Second, explicit maps often function as inductive biases. The geometric prior in ExpAtt (Tan et al., 2020), the motion prior in TrackNetV4 (Raj et al., 2024), the top-down semantic prior in CNN activation saliency (Zanca et al., 2018), and the path prior in HD-map attention (Da et al., 2022) each encode a structured assumption about the domain.

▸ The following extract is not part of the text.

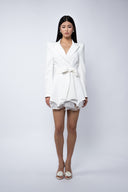 Rochie sacou cu volan din matase si semi-portjartier White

Where those assumptions are well matched to the task, the resulting models can be both simpler and better.
Third, explicitness does not require a single implementation recipe. Some methods use deterministic formulas (Zanca et al., 2018, Shen et al., 2018, Tan et al., 2020), some use differentiable latent-variable models (Lai et al., 2021, Farinhas et al., 2021), some use map-level losses (Mitsuhara et al., 2019, Wang et al., 2018, Linsley et al., 2018), and some use explicit extraction or rollout of preexisting attention tensors (Cole et al., 30 Aug 2025, Buyukcakir et al., 9 Sep 2025). What unifies them is that the attention map is no longer merely an incidental tensor buried in the network.
Finally, several open questions recur implicitly across the surveyed works. One concerns scalability: human supervision of attention is effective but expensive (Mitsuhara et al., 2019, Linsley et al., 2018). Another concerns fidelity: attention maps can be visually appealing without fully capturing causal computation, a concern that motivates probabilistic, rollout-based, or ablation-validated approaches (Zhang et al., 2016, Elhelo et al., 2024, Buyukcakir et al., 9 Sep 2025). A third concerns domain transfer: explicit priors such as local geometric decay (Tan et al., 2020) or frame differencing (Raj et al., 2024) are powerful when appropriate, but potentially brittle outside their intended regime. This suggests that future work will likely continue to combine explicit map parameterization with more adaptive or hybrid forms of learning, while preserving the interpretability benefits that motivated the line of research in the first place.